Ad ogni modo, la questione della computabilità degli interessi moratori nel tasso usurario è ancora oggetto di vivace dibattito: la giurisprudenza di legittimità non sembra essere in grado di svolgere una reale funzione nomofilattica, posto che una buona parte della giurisprudenza di merito sta attualmente disattendendo le indicazioni della Suprema Corte[41]; la materia è quindi fluida, con il rischio evidente di disparità di trattamento.
7. Profili processuali
Il contenzioso in materia di anatocismo presenta plurime questioni controverse. La contrattazione di massa e il relativo contenzioso comportano la ricorrenza di talune difese ed eccezioni che frequentemente vengono spese dalle parti e sulle quali il dibattito è maggiormente acceso.
7.1. Prescrizione
Il cliente propone domanda di nullità della clausola anatocistica e, conseguentemente, di ripetizione della somma illecitamente addebitata. La banca eccepisce la prescrizione dell’azione di ripetizione, sul presupposto che l’annotazione in conto del debito per interessi, risalente a molti anni prima, e non il materiale pagamento, costituisca il dies a quo dell’azione.
Per lungo tempo si è dibattuto sulla questione se la prescrizione decennale decorresse dal momento dell’annotazione in conto ovvero dal momento della rimessa solutoria.
A favore del primo criterio si schierarono alcune pronunce di merito, convinte che l’annotazione non fosse mera operazione contabile ma avesse la natura di pagamento, idonea a far scattare il termine di prescrizione ex art. 2935 c.c.[42]. Ma l’orientamento prevalente era nell’altro senso[43].
Sul punto sono intervenute le Sezioni Unite[44], confermando l’orientamento maggioritario e delineando il seguente quadro.
All’annotazione in conto non corrisponde alcuna attività solutoria, poiché non è individuabile materialmente alcun pagamento, che si concretizza solo con la rimessa del cliente. Questa può essere di due tipi: ripristinatoria e solutoria. La prima è il versamento con cui il cliente, non avendo superato il limite dell’affidamento, ripristina la disponibilità di denaro; la seconda è il versamento con cui il cliente, avendo superato il suddetto limite, estingue tale debito nei confronti della banca, costituendo pagamento in senso tecnico, ai fini dell’art. 2033 c.c..
Poco dopo la pubblicazione della sentenza delle Sezioni Unite, il legislatore, con l’art. 2, comma 61 D.L. 225/2010, convertito in L. 10/2011, compì un’interpretazione autentica dell’art. 2935 c.c.. Dispose che la norma doveva essere interpretata nel senso che la prescrizione del diritto alla ripetizione iniziasse a decorrere dall’annotazione, vietando altresì la restituzione di quanto già versato alla data di entrata in vigore della legge di conversione.

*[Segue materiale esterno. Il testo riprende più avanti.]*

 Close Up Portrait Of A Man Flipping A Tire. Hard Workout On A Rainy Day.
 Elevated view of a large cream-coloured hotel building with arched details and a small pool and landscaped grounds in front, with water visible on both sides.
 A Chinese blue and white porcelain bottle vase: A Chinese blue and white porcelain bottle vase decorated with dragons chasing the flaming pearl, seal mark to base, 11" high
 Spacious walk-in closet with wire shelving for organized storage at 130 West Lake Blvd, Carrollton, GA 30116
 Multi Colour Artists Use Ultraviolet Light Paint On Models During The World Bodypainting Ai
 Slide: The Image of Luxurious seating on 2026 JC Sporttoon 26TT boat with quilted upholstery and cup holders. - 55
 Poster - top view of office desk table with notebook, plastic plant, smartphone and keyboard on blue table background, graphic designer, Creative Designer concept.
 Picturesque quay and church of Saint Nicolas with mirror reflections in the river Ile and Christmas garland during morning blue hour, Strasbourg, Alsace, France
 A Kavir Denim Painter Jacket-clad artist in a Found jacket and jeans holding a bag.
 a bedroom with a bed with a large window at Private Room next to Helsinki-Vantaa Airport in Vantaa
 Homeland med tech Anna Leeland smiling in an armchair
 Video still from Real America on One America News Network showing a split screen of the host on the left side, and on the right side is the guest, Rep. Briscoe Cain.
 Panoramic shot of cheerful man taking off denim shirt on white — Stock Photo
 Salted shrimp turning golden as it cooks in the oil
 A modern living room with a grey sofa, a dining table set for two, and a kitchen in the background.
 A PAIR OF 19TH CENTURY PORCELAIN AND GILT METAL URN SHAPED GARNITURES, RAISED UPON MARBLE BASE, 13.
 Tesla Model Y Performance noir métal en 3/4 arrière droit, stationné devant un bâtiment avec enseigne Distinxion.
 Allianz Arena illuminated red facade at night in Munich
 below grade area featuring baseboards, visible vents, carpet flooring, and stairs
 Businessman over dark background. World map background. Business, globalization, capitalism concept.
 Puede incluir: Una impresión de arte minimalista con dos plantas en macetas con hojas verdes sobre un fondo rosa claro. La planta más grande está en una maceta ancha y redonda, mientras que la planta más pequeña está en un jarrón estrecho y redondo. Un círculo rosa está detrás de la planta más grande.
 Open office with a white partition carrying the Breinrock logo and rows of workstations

Similmente al D.Lgs 342/1999, il legislatore cercava di superare in via autoritativa il diverso e dirompente intervento nomofilattico.
La Corte Costituzionale, con la sentenza del 5 aprile 2012, n. 78, dichiarò l’illegittimità della nuova norma, in quanto la decorrenza anticipata della prescrizione poneva il cliente in posizione di netta inferiorità rispetto alla banca, senza adeguata giustificazione, dunque con violazione dei principi di uguaglianza e ragionevolezza di cui all’art. 3 Cost. Inoltre, la retroattività della disposizione – per via della sua natura di interpretazione autentica – fu censurata sotto il profilo della compatibilità con l’art. 6 CEDU, posto che non vi erano motivi di interesse generale sui quali fondare la compressione dell’affidamento dei consociati sulla legislazione vigente.
Ad oggi, pertanto, può dirsi pienamente applicabile l’art. 2935 c.c., come interpretato dalle Sezioni Unite del 2010, onde la prescrizione decorre solo dal momento della rimessa realmente solutoria.
A fronte di questo quadro giurisprudenziale, la banca è solita sollevare l’eccezione di irripetibilità, fondata non già sulla prescrizione ma sugli artt. 2034 e 2940 c.c.: il pagamento dell’interesse anatocistico, comunque intervenuto, costituirebbe pagamento di debito prescritto, quale species di obbligazione naturale. La giurisprudenza reputa infondata tale eccezione, stante l’assenza di spontaneità del pagamento, al contrario fondato sulla base di clausole contrattuali ritenute efficaci dal cliente, quantunque nulle[45].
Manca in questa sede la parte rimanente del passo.